Friday, September 23, 2005

Programming is Gardening, not Engineering

http://www.artima.com/intv/garden.html

Andy Hunt: There is a persistent notion in a lot of literature that software development should be like engineering. First, an architect draws up some great plans. Then you get a flood of warm bodies to come in and fill the chairs, bang out all the code, and you're done. A lot of people still feel that way. I saw an interview in the last six months of a big outsourcing house in India where this was how they felt. They paint a picture of constructing software like buildings. The high talent architects do the design. The coders do the constructing. The tenants move in, and everyone lives happily ever after. We don't think that's very realistic. It doesn't work that way with software.

We paint a different picture. Instead of that very neat and orderly procession, which doesn't happen even in the real world with buildings, software is much more like gardening. You do plan. You plan you're going to make a plot this big. You're going to prepare the soil. You bring in a landscape person who says to put the big plants in the back and short ones in the front. You've got a great plan, a whole design.

But when you plant the bulbs and the seeds, what happens? The garden doesn't quite come up the way you drew the picture. This plant gets a lot bigger than you thought it would. You've got to prune it. You've got to split it. You've got to move it around the garden. This big plant in the back died. You've got to dig it up and throw it into the compost pile. These colors ended up not looking like they did on the package. They don't look good next to each other. You've got to transplant this one over to the other side of the garden.

Dave Thomas: Also with a garden, there's a constant assumption of maintenance. Everybody says, I want a low maintenance garden, but the reality is a garden is something that you're always interacting with to improve or even just keep the same. Although I know there's building maintenance, you typically don't change the shape of a building. It just sits there. We want people to view software as being far more organic, far more malleable, and something that you have to be prepared to interact with to improve all the time.

Bill Venners: What is the alternative to stratification of job roles?

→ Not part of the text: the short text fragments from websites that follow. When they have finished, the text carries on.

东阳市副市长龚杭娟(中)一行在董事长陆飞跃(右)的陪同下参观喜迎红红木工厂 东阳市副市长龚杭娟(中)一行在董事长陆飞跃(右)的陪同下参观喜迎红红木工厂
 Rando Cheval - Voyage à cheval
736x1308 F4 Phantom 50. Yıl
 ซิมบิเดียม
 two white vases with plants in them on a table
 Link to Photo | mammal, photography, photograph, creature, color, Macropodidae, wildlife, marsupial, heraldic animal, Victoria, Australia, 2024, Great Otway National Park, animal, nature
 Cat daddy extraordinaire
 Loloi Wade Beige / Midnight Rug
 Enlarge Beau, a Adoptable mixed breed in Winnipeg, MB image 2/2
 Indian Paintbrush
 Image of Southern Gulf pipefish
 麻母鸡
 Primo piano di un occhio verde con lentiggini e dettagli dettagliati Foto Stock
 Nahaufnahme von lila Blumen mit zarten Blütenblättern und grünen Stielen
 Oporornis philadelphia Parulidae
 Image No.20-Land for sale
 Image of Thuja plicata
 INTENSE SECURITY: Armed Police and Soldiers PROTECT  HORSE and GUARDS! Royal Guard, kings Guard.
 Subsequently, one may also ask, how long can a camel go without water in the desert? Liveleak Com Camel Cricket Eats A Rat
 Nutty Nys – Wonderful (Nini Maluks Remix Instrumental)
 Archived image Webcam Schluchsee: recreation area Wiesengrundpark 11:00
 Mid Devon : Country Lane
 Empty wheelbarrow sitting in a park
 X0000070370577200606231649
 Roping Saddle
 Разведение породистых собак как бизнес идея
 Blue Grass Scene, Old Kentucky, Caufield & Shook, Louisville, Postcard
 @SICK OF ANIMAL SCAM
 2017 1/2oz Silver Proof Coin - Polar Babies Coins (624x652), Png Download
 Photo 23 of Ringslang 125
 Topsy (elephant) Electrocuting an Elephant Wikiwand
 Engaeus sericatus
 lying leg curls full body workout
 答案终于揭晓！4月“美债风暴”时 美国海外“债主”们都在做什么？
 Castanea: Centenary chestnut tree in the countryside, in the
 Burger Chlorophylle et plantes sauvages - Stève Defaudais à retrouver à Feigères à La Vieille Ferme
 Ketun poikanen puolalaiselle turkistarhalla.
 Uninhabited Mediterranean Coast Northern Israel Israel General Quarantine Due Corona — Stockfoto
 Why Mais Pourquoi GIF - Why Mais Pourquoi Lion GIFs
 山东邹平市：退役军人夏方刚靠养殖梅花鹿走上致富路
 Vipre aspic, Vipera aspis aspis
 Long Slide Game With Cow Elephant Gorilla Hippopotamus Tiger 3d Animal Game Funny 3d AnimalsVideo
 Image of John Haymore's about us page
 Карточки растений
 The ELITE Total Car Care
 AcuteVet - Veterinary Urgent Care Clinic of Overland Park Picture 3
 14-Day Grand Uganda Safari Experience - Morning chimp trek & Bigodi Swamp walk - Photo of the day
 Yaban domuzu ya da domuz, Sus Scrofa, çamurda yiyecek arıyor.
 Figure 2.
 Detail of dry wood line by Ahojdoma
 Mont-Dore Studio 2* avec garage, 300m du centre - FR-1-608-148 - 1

Dave Thomas: I don't think you can get rid of the layers. I think politically that would be a mistake. The reality is that many people feel comfortable doing things at a certain level. What you can do, however, is stop making the levels an absolute. A designer throws a design over the partition to a set of coders, who scramble for them like they are pieces of bread and they are starving, and they start coding them up. The problem is this entrenched idea that designers and coders are two separate camps. Designers and coders are really just ends of the spectrum, and everybody has elements of both. Similarly with quality assurance (QA). Nobody is just a tester.

What we should be doing is creating an environment in which people get to use all their skills. Maybe as time goes on, people move through the skill set. So today, you're 80% coder 20% designer. On the next project, you're 70% coder and 30% designer. You're moving up a little bit each time, rather than suddenly discovering a letter on your desk that says, "Today you are a designer."

Andy Hunt: If the designer also has to implement what he designs, he is, as they say, getting to eat his own dog food. The next time he does a design, he's going to have had that feedback experience. He'll be in a much better position to say, "That didn't quite work the way I thought last time. I'm going to do this better. I'm going to do this differently." Feedback paths contribute to continual learning and continual improvement.

Bill Venners: Continual learning is part of the notion of software craftsmanship?

Andy Hunt: Exactly. First you've got the designer doing some coding, so she'll do a better design next time. Also, you really need to plan how you are going to take some of your better coders and make them designers. As Dave says, will you give them "the letter" one day? Sprinkle some magic fairy dust and poof, they're now a designer? That doesn't sound like a good idea. Instead you should break them in gradually. Maybe they work with that designer, do a little bit of this design today, a little bit of that design tomorrow. Some day they can take on a greater role.